当前位置:网站首页>Use dumping to back up tidb cluster data to S3 compatible storage
Use dumping to back up tidb cluster data to S3 compatible storage
2022-07-06 08:03:00 【Tianxiang shop】
This document describes how to put Kubernetes On TiDB The data of the cluster is backed up to compatible S3 On the storage of . In this document “ Backup ”, All refer to full backup ( namely Ad-hoc Full backup and scheduled full backup ).

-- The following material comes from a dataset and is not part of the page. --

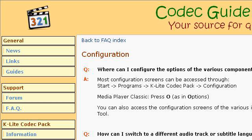If you don't find useful information on the previous sites, see www.codecguide.com — the webpage FAQ, Configuration, K-Lite Codec Pack. Here's the link. Thank you.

The backup method described in this document is based on TiDB Operator(v1.1 And above ) Of CustomResourceDefinition (CRD) Realization , Bottom use Dumpling The tool obtains the logical backup of the cluster , Then upload the backup data to compatible S3 On the storage of .
Dumpling Is a data export tool , The tool can store in TiDB/MySQL The data in is exported as SQL perhaps CSV Format , It can be used to complete logical full backup or export .
Use scenarios
If you need to TiDB Cluster data in Ad-hoc Full volume backup or Scheduled full backup Backup to compatible S3 On the storage of , And there are the following requirements for data backup , Consider the backup scheme introduced in this article :
- export SQL or CSV Formatted data
- For single SQL Limit the memory of the statement
- export TiDB Snapshot of historical data
Ad-hoc Full volume backup
Ad-hoc Full backup by creating a custom Backup
custom resource (CR) Object to describe a backup .TiDB Operator According to this Backup
Object to complete the specific backup process . If an error occurs during the backup , The program will not automatically retry , At this time, it needs to be handled manually .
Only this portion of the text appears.